Importance sampling algorithm

  • Assume measurement model \(p(\vecy_{1:T}|\vecx)\) and prior \(p(\vecx)\)
    1. Draw \(n\) samples \[ \vecx^{(i)}\sim \pi(\vecx|\vecy_{1:T})\quad i=1\dots n \]
    2. Compute unnormalized weights \[ v^{(i)} = \frac{p(\vecy_{1:T}|\vecx^{(i)})p(\vecx^{(i)})}{\pi(\vecx^{(i)}|\vecy_{1:T})} \]
    3. Compute normalized weights \[ w^{(i)} = \frac{v^{(i)}}{\sum_{j=1}^n v_j} \]
    4. Approximate posteriors \[ p(\vecx|\vecy_{1:T})\approx \sum_{i=1}^n w^{(i)}\delta(\vecx-\vecx^{(i)})\qquad \E{g(\vecx)|\vecy_{1:T}}\approx \sum_{i=1}^n w^{(i)} g(\vecx^{(i)}) \]

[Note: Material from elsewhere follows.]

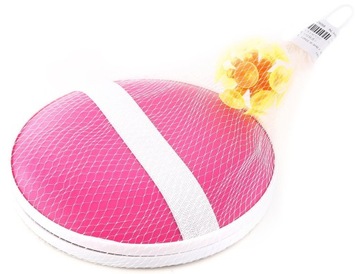 ПОДДОНЫ VELCRO BALL CATCH BALL SKILL ИГРА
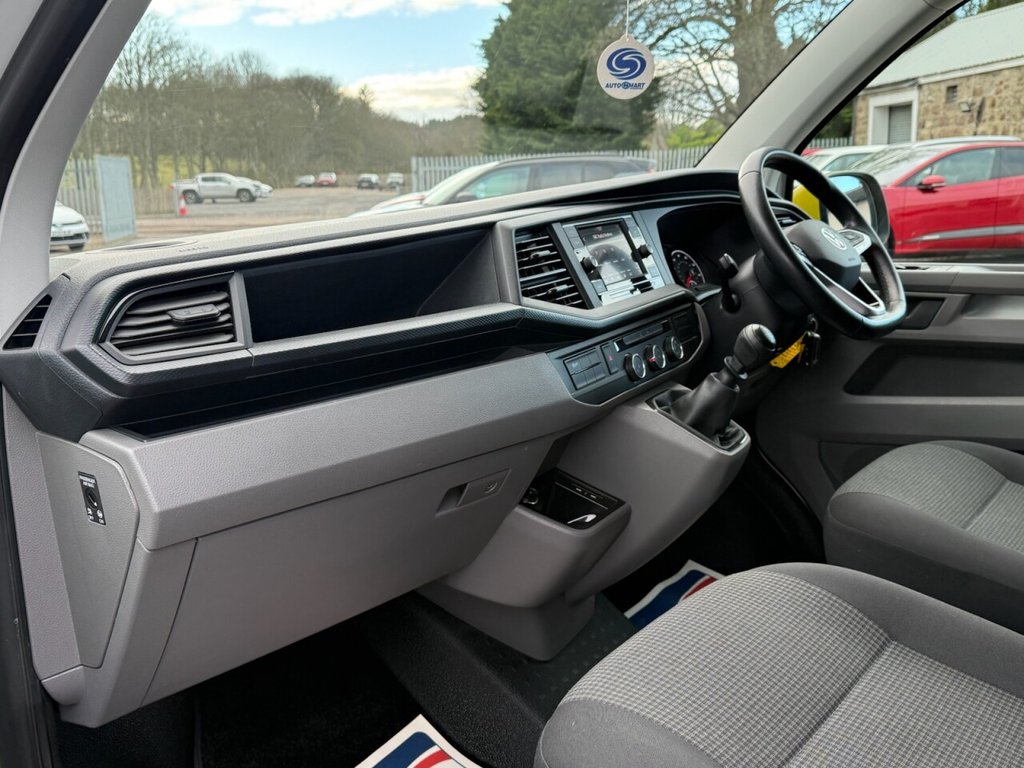 Used Volkswagen Transporter 2020 for sale - 77534671: Photo 8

Sequential importance sampling

  • Sequential importance sampling is a variation that can be used for probabilistic state-space models with \[ \vecx_k\sim p(\vecx_k|\vecx_{k-1})\qquad \vecy_k\sim p(\vecy_k|\vecx_k) \]

  • Idea

    • Keep track of particles \(\set{(w^{(i)}_{k},\vecx^{(i)}_k):i=1\dots n}\) at every time \(k\) to compute \[ p(\vecx_k|\vecy_{1:k})\approx \sum_{i=1}^n w_k^{(i)}\delta(\vecx_k-\vecx_k^{(i)})\qquad \E{g(\vecx_k)|\vecy_{1:k}}\approx \sum_{i=1}^n w_k^{(i)} g(\vecx_k^{(i)}) \]
    • Use properties of state-space model to only keep track of current states at time \(k\), not entire history

Sequential importance sampling

  1. Draw \(n\) samples from the prior \[ \vecx_0^{(i)}\sim p(\vecx_0)\quad i=1\dots n \] and set \(w^{(i)}=\frac{1}{n}\) for \(i=1\dots n\)
  2. For each \(k=1\dots T\)
    1. Draw samples \(\vecx_k^{(i)}\) from importance distributions \[ \vecx_k^{(i)}\sim \pi(\vecx_k|\vecx^{(i)}_{0:k-1}\vecy_{1:k})\quad i=1\dots n \]
    2. Compute new weights \[ w_k^{(i)}\propto w_{k-1}^{(i)} \frac{p(\vecy_k|\vecx_k^{(i)})p(\vecx_k^{(i)}|\vecx_{k-1}^{(i)})}{\pi(\vecx_k^{(i)}|\vecx_{0:k-1}^{(i)},\vecy_{1:k})} \] and normalize
  • Try to choose \(\pi(\vecx_k|\vecx_{0:k-1},\vecy_{1:k})=\pi(\vecx_k|\vecx_{k-1},\vecy_{1:k})\)

Particle filter

  • Resampling might be needed when weights get too low (particles disappear)
  1. Draw \(n\) samples from the prior \(\vecx_0^{(i)}\sim p(\vecx_0)\quad i=1\dots n\) and set \(w^{(i)}=\frac{1}{n}\) for \(i=1\dots n\)
  2. For each \(k=1\dots T\)
    1. Draw samples \(\vecx_k^{(i)}\) from importance distributions \[ \vecx_k^{(i)}\sim \pi(\vecx_k|\vecx^{(i)}_{0:k-1}\vecy_{1:k})\quad i=1\dots n \]
    2. Compute new weights \[ w_k^{(i)}\propto w_{k-1}^{(i)} \frac{p(\vecy_k|\vecx_k^{(i)})p(\vecx_k^{(i)}|\vecx_{k-1}^{(i)})}{\pi(\vecx_k^{(i)}|\vecx_{0:k-1}^{(i)},\vecy_{1:k})} \] and normalize
    3. If effective number of particles get too low, resample and reset to uniform weights \[ n_\textsf{eff}\approx\frac{1}{\sum_{j=1}^n (w_k^{(i)})^2} \]